Segment Open
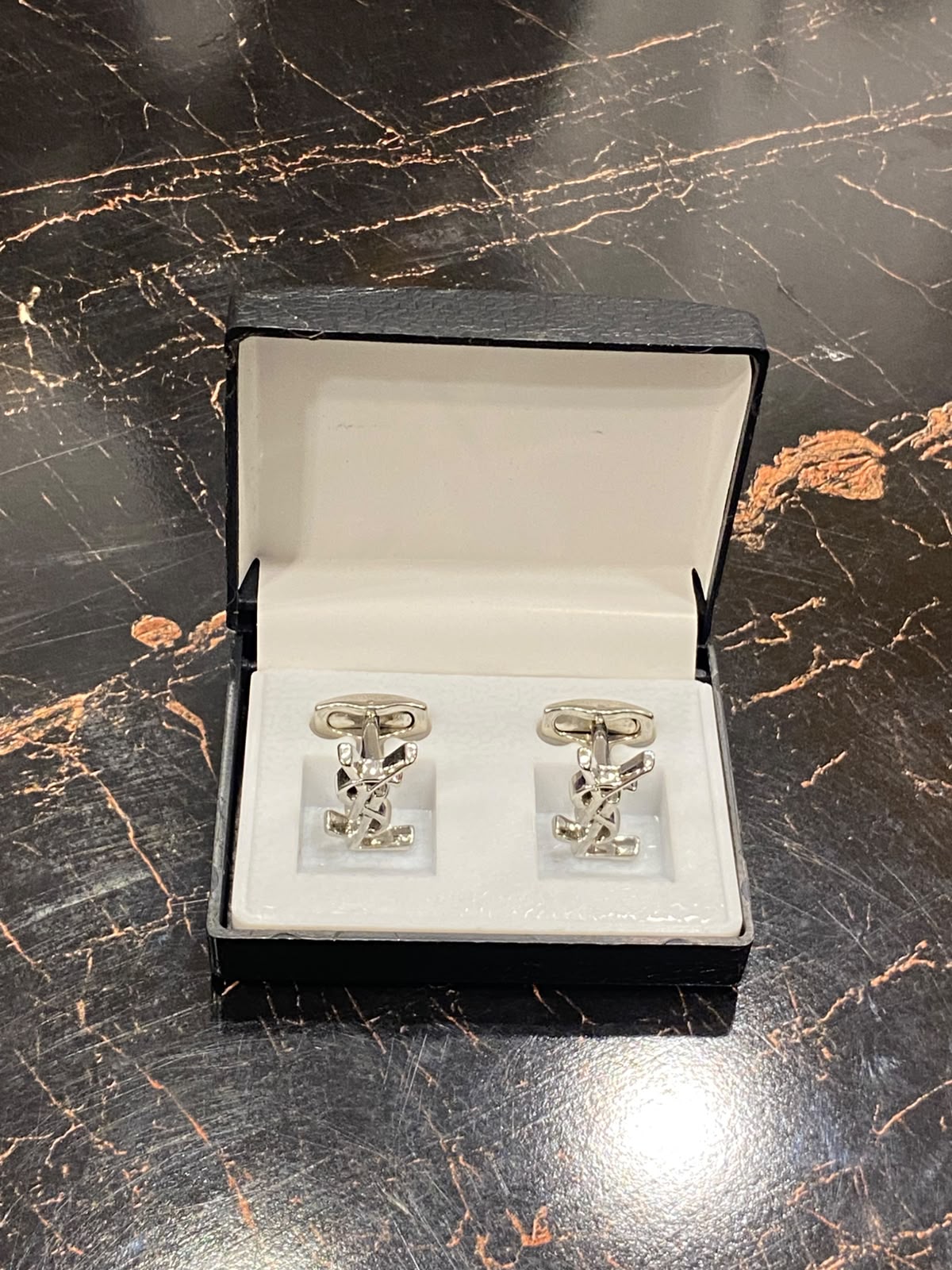 YSL 1201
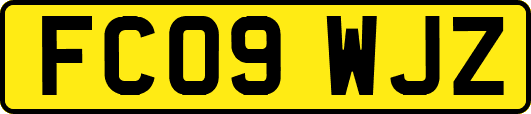 FC09WJZ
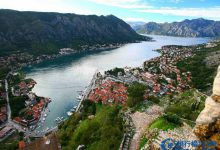 2016世界最佳旅行城市推荐TOP10|爱分享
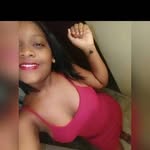 Emely lora - @emelycampusano8 - Instagram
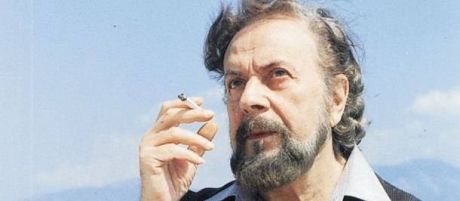 «Το διαζευκτικόν «ή»» ας ακούσουμε τι έχει να μας πει η μουσική 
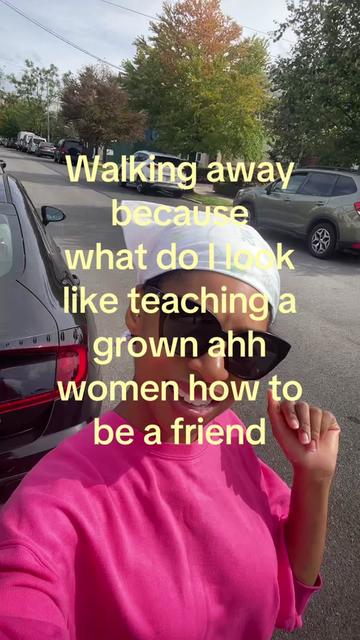 @Feminine Fuel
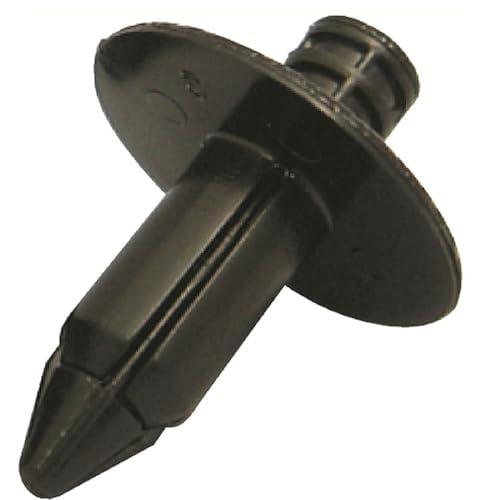 

Пистоны Fujix (2 куска)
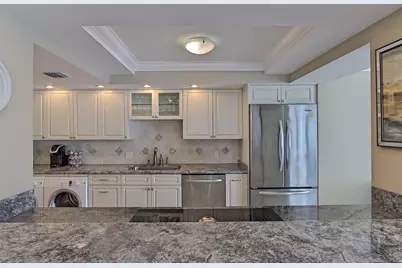 2200 S Ocean Lane #1001, Fort Lauderdale, FL 33316 - Photo 27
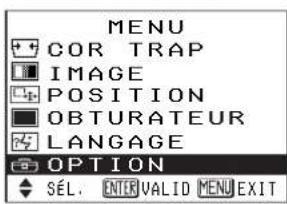 PANASONIC PTAE700E - REMARQUE: - 3
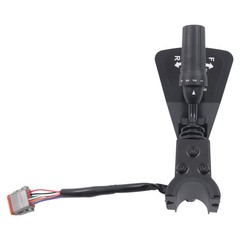 11U2-00060 11U200060 204431 Joystick Controller For Hyundai H940CB H940S H940ST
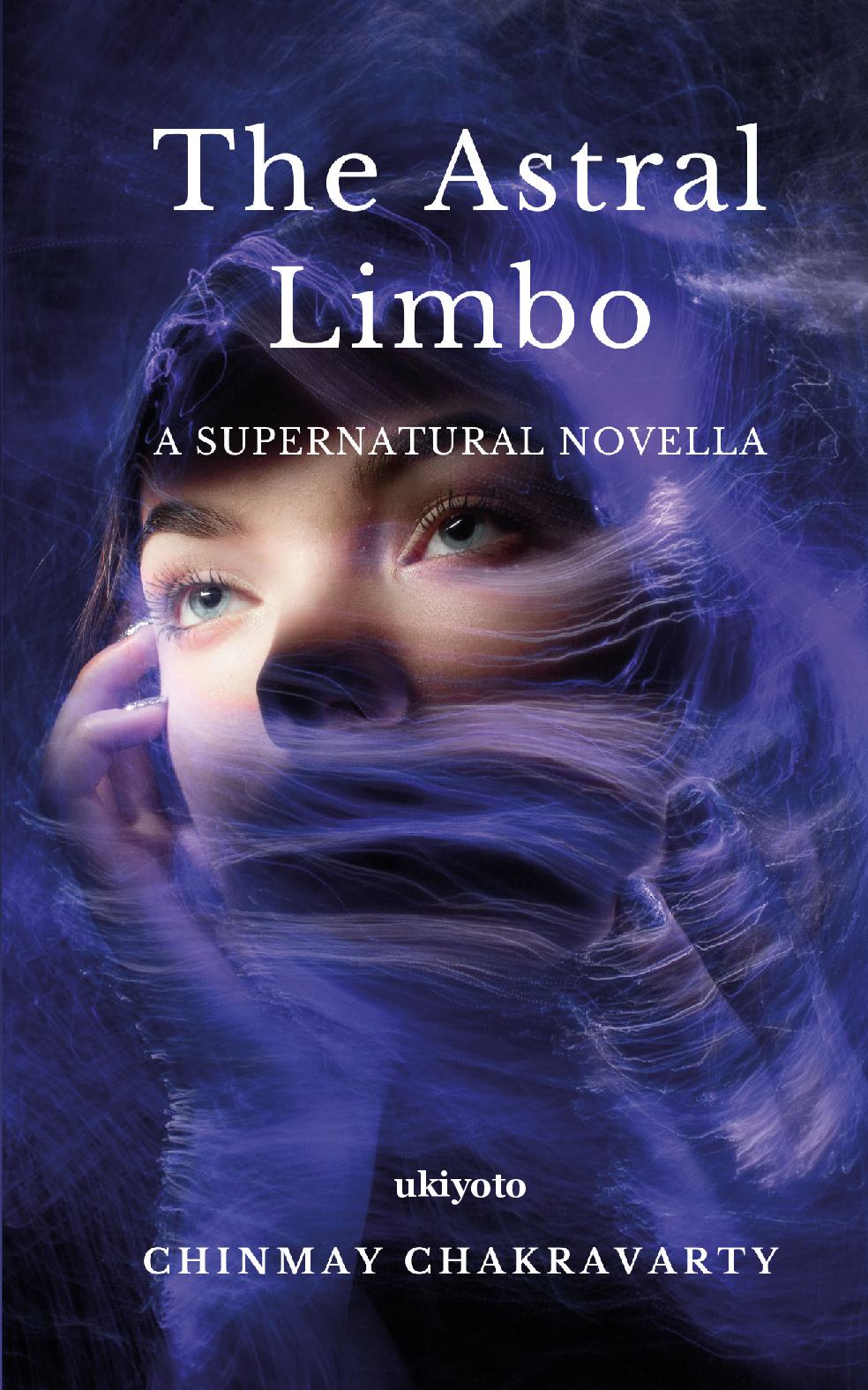 The Astral Limbo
Segment Closed
» Task:
The lines to copy begin with the one containing "2016世界最佳旅行城市推荐TOP10|爱分享" and end with the last line of the entries above; copy them exactly, minus the pictures.

» Task answer:
 2016世界最佳旅行城市推荐TOP10|爱分享
 Emely lora - @emelycampusano8 - Instagram
 «Το διαζευκτικόν «ή»» ας ακούσουμε τι έχει να μας πει η μουσική 
 @Feminine Fuel

Пистоны Fujix (2 куска)
 2200 S Ocean Lane #1001, Fort Lauderdale, FL 33316 - Photo 27
 PANASONIC PTAE700E - REMARQUE: - 3
 11U2-00060 11U200060 204431 Joystick Controller For Hyundai H940CB H940S H940ST
 The Astral Limbo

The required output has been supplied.